%%
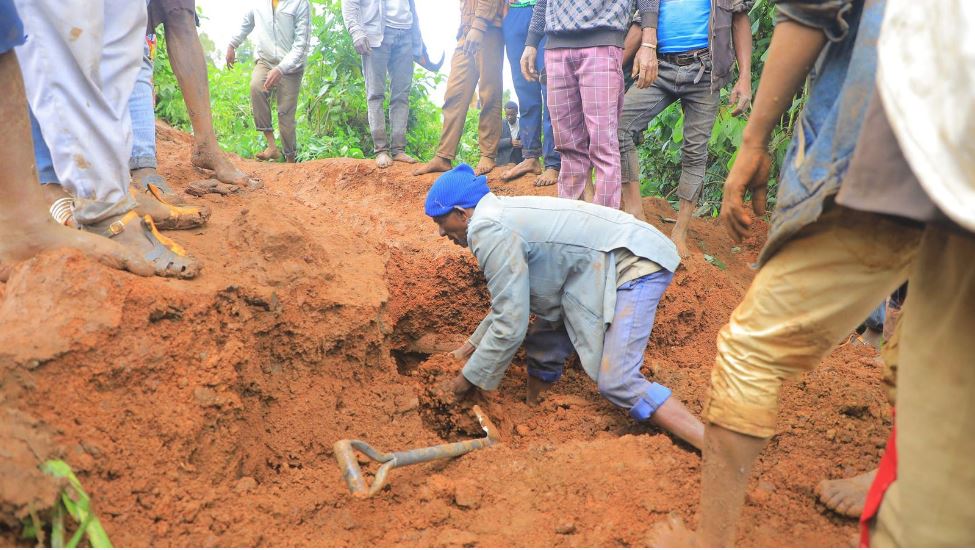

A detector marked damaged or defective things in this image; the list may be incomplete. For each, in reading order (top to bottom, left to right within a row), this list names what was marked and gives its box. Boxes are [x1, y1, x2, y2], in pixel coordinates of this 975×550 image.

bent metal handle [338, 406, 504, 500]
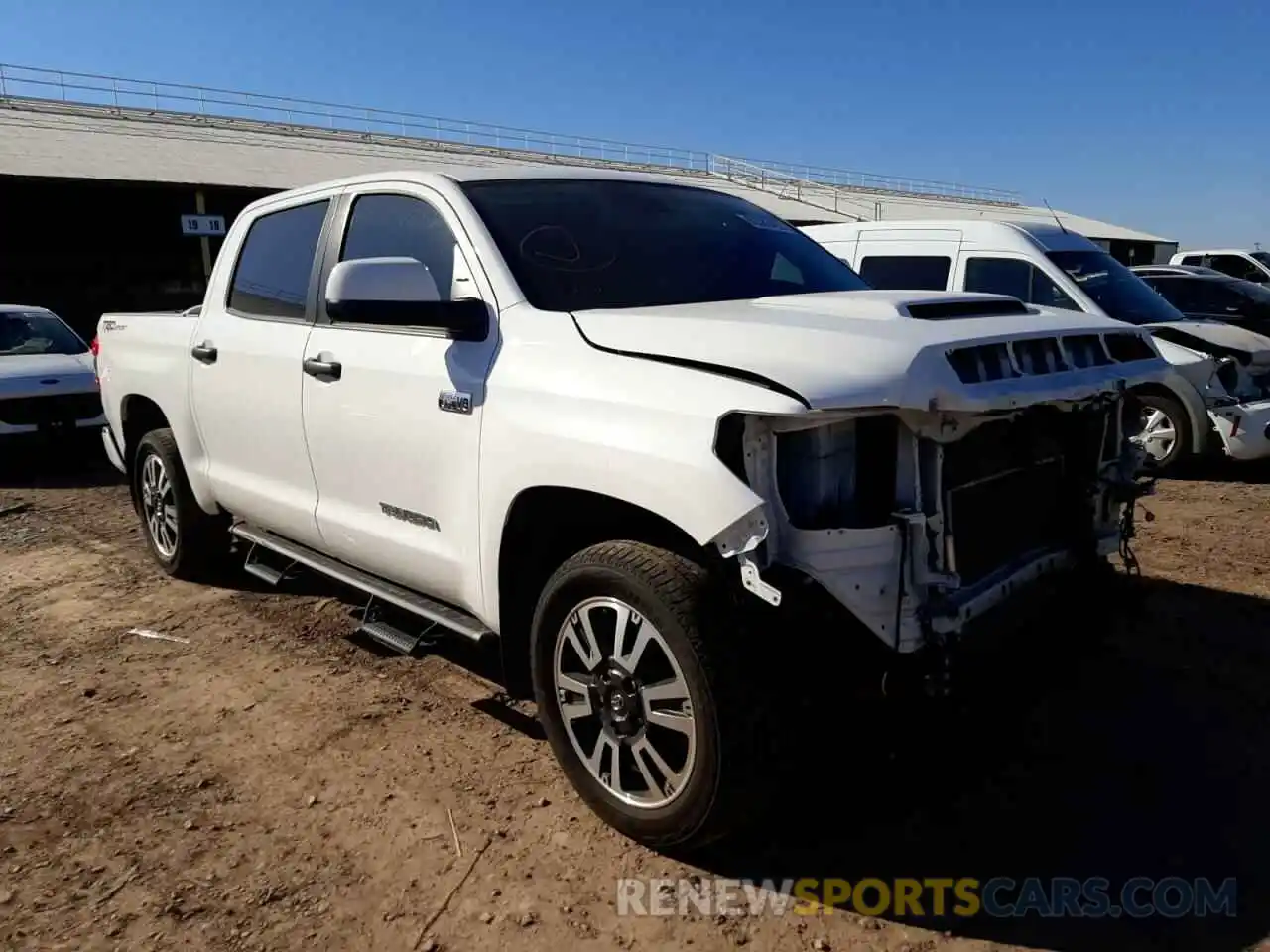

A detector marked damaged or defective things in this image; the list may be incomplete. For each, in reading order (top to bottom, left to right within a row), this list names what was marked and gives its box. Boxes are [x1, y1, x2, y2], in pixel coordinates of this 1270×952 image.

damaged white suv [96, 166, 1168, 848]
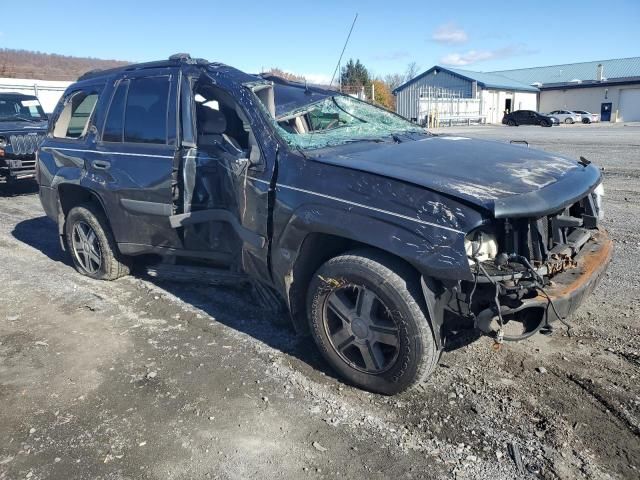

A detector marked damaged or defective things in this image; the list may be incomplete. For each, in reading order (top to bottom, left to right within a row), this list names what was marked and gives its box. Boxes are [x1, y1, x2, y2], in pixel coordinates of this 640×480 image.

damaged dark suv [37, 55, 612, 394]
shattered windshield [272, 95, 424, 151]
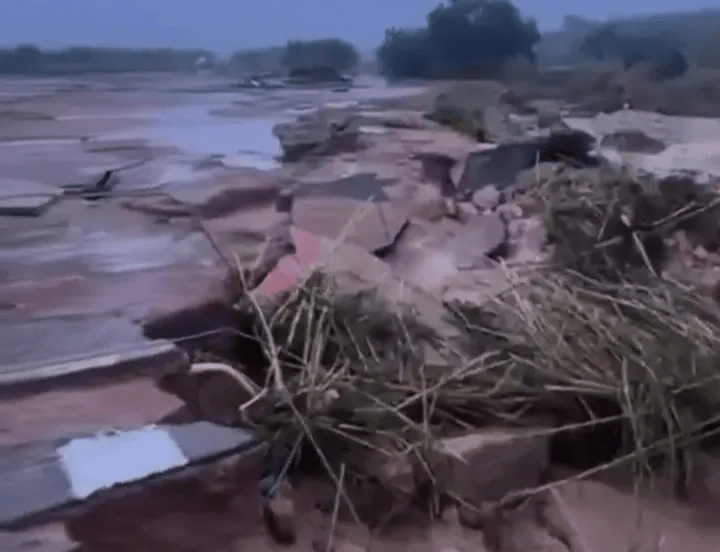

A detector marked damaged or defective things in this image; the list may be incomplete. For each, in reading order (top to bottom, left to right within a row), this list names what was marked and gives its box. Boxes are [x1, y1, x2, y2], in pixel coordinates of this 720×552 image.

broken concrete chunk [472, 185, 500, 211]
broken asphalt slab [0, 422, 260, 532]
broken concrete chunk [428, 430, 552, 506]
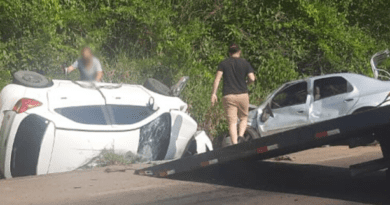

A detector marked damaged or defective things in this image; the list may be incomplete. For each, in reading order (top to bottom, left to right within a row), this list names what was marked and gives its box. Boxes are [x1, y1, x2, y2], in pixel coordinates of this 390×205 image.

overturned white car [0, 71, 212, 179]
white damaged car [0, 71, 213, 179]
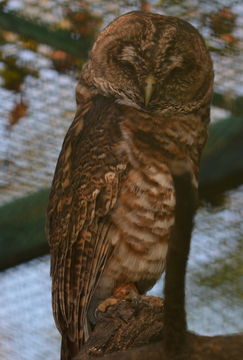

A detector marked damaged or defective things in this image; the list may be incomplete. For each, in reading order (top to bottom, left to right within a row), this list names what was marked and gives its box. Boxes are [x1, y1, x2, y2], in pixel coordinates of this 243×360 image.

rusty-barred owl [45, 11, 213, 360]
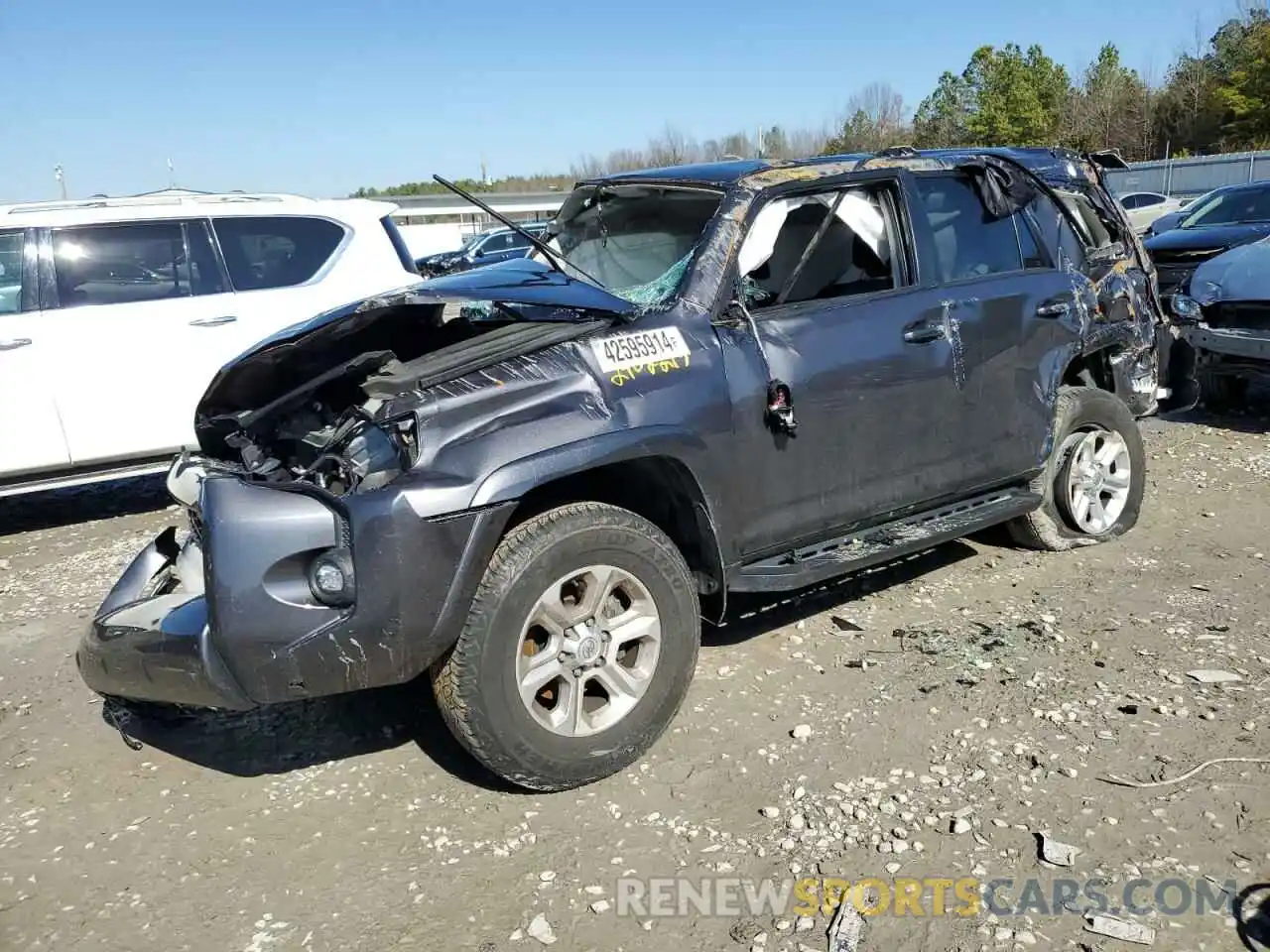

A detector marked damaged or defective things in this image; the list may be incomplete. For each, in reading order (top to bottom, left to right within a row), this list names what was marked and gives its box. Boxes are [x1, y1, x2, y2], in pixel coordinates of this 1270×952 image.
%%
WHAT TO PRODUCE: Repeat the records above exactly, without any pictures.

WRITTEN ANSWER:
A detector marked damaged or defective things in this image; the list may be incomplete. For each, in reading order (top to bottom, left to right within a row), this list names what was marked and gives its box. Boxes are [x1, y1, x2, y2], in pixel coordinates of this 975×550 image.

bent metal handle [338, 406, 504, 500]

A detector marked damaged or defective things in this image; the list may be incomplete. For each, in reading order (top to bottom, left to right within a row), this list names what was marked and gives its box. Boxes are [x1, y1, x2, y2], in pixel coordinates of this 1270×952 image.

damaged white suv [96, 166, 1168, 848]

A detector marked damaged or defective things in this image; the list may be incomplete. For each, in reading order (top to bottom, left to right within a row), this list names what was marked and gives its box. Boxes are [x1, y1, x2, y2], in pixel coordinates of this 640×480 image.

damaged dark suv [37, 55, 612, 394]
shattered windshield [272, 95, 424, 151]

A detector marked damaged or defective things in this image; the list may be incomplete. For each, in reading order (top to bottom, left to right within a row), this list names what was marked and gives its box. Boxes are [x1, y1, x2, y2], in pixel coordinates of this 720×552 image.

broken concrete chunk [472, 185, 500, 211]
broken asphalt slab [0, 422, 260, 532]
broken concrete chunk [428, 430, 552, 506]

A detector marked damaged or defective things in this image; the list may be incomplete. For each, in reading order (top to bottom, left to right within a row), this list names what was marked and gives its box. Boxes are [x1, y1, x2, y2], in pixel coordinates of this 390×205 image.

overturned white car [0, 71, 212, 179]
white damaged car [0, 71, 213, 179]

A detector marked damaged or defective things in this image; the list may be incomplete. For each, in reading order (top to bottom, left to right within a row), this list names what was marked and gives its box. Boxes are [x1, y1, x2, y2], in pixel coordinates of this 243×360 image.

rusty-barred owl [45, 11, 213, 360]

A detector marked damaged or defective things in this image; the list may be incomplete. For each, in reading order (top to bottom, left to right within a row), this list names what was marked and gives its box. Boxes are [x1, y1, x2, y2], in pixel coordinates of this 1270×952 image.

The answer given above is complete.